Latest concerns about progress on health claims for food in Australia
New concerns are being expressed about the proposed introduction of a Health Claims standard into the Australia New Zealand Food Standards Code.
Having undertaken at least 5 draft versions of the proposed Health Claims Standard (apart from the existing Transitional Standard in the Code) since 2002, the government agency Food Standard Australia New Zealand (FSANZ) believes that it is near to finalising a new Standard that will balance all stakeholder interests.

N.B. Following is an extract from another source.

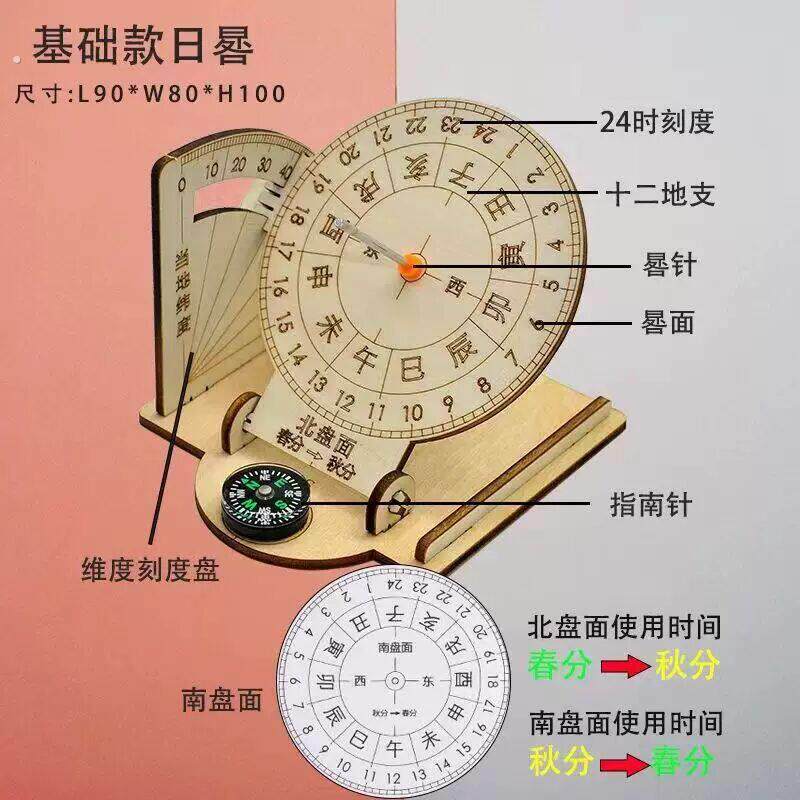 历史文物模型手工七年级自制日晷模型古代天文计时制作材料教具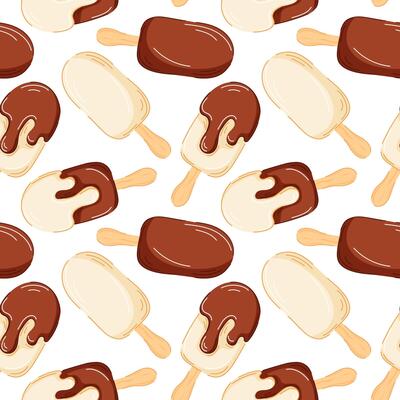 Seamless pattern with ice cream vanilla and chocolate in cartoon style. Illustration isolated on a white background.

At the recent FoodLegal-sponsored Symposium concerning the proposed new Health Claims Standard held in Sydney on 21 August 2012, FSANZ’s General Manager Mr Dean Stockwell emphasised that the Ministers’ meeting in June 2012 had continued to support key elements of the existing draft with regard to nutrition content claims, high level health claims, and the application of the nutrient profiling scoring criteria applying to general level health claims.
However, the meeting also confirmed a new working group to be established under the umbrella of the Food Regulatory Standing Committee, with key bureaucrats representing the Australian States and Territories. This working group is engaged in further stakeholder discussions about an alternative self-substantiation pathway that would allow room for some of the more innovative food companies to go outside the pre-approval regime for health claims.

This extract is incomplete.